Powered by a 20-horsepower engine, Bouquet’s locomotive pulls several kid-toting cars, which remain works in progress. When he’s done, there will be a boxcar, cattle car, tank car and caboose.

“It’s not a kit,” Bouquet said. “There’s not another one in the world like it. It’s one of a kind. It’s an original.”

That also describes its builder.

Bouquet, 70, worked on bicycles, then cars when he was growing up, and learned welding from his father. As an adult, he’s owned a grocery store, a driving school, a produce stand, a video game room and a company that distributed Little Debbie snack cakes, and once worked for Shell Oil in its warehouse.

For the past five years, he has served as sergeant-at-arms at the State Capitol, where his wife, Penny, also works.
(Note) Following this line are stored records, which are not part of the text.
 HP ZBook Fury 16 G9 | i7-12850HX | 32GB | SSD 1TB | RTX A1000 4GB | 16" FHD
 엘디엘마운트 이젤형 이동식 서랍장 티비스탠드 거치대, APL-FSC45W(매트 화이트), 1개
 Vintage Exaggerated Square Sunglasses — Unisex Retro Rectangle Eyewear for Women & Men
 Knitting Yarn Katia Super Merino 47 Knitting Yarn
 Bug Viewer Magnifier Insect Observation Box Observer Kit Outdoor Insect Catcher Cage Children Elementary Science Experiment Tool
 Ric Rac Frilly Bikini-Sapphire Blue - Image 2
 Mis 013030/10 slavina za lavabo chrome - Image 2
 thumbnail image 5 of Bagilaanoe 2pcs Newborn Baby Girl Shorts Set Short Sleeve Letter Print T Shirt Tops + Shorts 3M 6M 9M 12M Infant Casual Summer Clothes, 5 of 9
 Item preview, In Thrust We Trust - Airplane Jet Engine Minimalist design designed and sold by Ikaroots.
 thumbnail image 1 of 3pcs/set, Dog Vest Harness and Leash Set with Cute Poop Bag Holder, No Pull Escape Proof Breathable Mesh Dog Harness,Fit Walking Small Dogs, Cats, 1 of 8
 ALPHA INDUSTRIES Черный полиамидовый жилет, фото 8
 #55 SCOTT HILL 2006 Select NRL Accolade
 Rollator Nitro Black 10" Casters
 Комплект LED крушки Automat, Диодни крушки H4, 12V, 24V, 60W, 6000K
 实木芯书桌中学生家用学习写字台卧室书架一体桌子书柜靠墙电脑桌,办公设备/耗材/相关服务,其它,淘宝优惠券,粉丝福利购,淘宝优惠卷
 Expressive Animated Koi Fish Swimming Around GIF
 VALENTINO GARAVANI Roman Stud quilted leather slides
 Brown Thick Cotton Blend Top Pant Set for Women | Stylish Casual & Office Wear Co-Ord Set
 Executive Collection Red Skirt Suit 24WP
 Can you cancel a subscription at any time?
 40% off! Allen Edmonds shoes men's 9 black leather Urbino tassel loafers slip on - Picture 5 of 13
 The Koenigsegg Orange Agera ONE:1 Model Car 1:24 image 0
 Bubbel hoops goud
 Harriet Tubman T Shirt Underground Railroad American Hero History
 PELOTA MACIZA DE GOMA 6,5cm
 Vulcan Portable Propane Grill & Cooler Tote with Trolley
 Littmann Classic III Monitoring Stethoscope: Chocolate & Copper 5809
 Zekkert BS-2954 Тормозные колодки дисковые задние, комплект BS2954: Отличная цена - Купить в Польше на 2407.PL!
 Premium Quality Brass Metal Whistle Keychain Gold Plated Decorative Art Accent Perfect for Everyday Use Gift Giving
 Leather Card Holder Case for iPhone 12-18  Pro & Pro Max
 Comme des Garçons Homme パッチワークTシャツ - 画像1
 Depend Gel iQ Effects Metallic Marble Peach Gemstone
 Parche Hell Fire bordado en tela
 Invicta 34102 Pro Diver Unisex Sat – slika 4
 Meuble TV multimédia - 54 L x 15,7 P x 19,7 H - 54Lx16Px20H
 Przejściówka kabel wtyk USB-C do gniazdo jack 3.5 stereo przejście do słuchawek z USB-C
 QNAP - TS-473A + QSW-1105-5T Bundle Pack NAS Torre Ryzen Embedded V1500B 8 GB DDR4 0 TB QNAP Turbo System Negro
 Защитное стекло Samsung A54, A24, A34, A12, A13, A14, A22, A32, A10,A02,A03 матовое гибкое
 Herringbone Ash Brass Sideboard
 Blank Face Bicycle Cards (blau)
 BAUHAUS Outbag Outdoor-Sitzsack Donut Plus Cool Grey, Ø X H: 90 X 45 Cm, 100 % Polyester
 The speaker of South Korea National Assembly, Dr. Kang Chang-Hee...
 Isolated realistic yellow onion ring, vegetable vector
“When I sold everything at 65 and decided I was going to retire, my wife said, ‘Oh, no. You can’t stay home by yourself. You need to come to the Capitol.’ So, she put me to work up there.”

But, since Bouquet gets home at 3:30 p.m., that allows plenty of time to tinker in the workshop. He started with 2-inch-by-2-inch steel tubing and angle irons to build the locomotive frame, then repurposed all sorts of things. He used 55-gallon drums to make the locomotive tank, a five-speed engine and riding lawnmower wheels and a small air tank to power the horn. When he noticed a metal chiminea in a neighbor’s yard, it gave him an idea.

“I walked up and said, ‘Man, that would make a great smokestack,’” Bouquet said. He said, ‘Well, man, if you want it, I’ll give it to you.’ I said, ‘No, man, I don’t want to mess up your chiminea.’ He said, ‘No, I want to have part in that train, too.’ The next day he brought it over to my shop.”

Add a bell, an air whistle, a homemade cattle-catcher, some plywood framing and, voila, Bouquet had a locomotive 7½ feet long and 3 feet wide. A friend, Brandi Duplessey, painted Mickey Mouse’s face on the front, and Bouquet finished things off with sheet metal Mickey ears. The cars are being made from metal garden carts to simplify the process.

“It goes a little bit faster than a good, steady, hard walk,” he said. “It’s not built for speed. It’s built for pulling the four cars with people in them.”

That’s a comfortable speed for Ronnie and his sister, Keira, 1½, and whoever else from the neighborhood decides to climb aboard when Bouquet adds railroad engineer to his long list of occupations.

When he isn’t driving the locomotive, Bouquet is likely to be behind the wheel of his 1934 Ford Cabriolet that, unlike several vintage cars he has owned, he bought rather than restored himself.

“I’ve had a great life, a great life,” he said. “I’m 70 years old, and I can outwork any of those youngsters. I can do anything. There’s no such thing as can’t. If you can’t do it, it’s because you don’t want to.”